S80 Warm-Season Stationary Fronts East of the Rocky Mountains: Interannual Distribution and Variability

Sunday, 22 January 2017
4E (Washington State Convention Center )
Jeremiah O. Piersante, Hobart and William Smith Colleges, Geneva, NY; and P. K. Capute, E. G. Hoffman, and N. D. Metz

Stationary fronts (SFs) often have an influence on convection, although this relationship is not entirely understood. A first step to more completely understand this relationship is to determine the frequency and spatial distribution of SFs across many years. An examination of North American SFs east of the Rocky Mountains during the warm months (April–September) of 2007 through 2015 provides a nine-year climatology to launch this investigation. This data was retrieved Weather Prediction Center surface analysis maps examined four-times daily at standard synoptic times.

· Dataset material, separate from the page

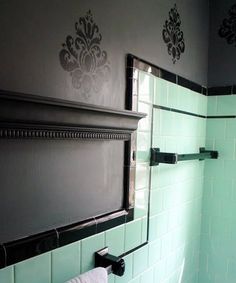 an image of a bathroom setting with green and black tiles on the walls, and white tile in the shower area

Of the 6588 maps examined during this time period, a total of 3528 SFs were recorded. SFs were most frequent in the 2014 warm-season and least in 2008, with 451 and 301 respectively. The spatial frequency of SFs over the nine-year climatology was determined by the number of periods (single maps) that an SF was present in an area. The regions of the highest SF frequency across the nine-year climatology were found to be along the Carolina coast and in western Kansas. However, there was interannual variability in this spatial distribution with those in 2007 through 2011 most frequent in the Kansas/Oklahoma region while those in 2012 through 2015 were most frequent in the Southeast U.S./Carolina coast region. This poster will explore this interannual variability and its importance given the close link between stationary fronts and warm-season convection.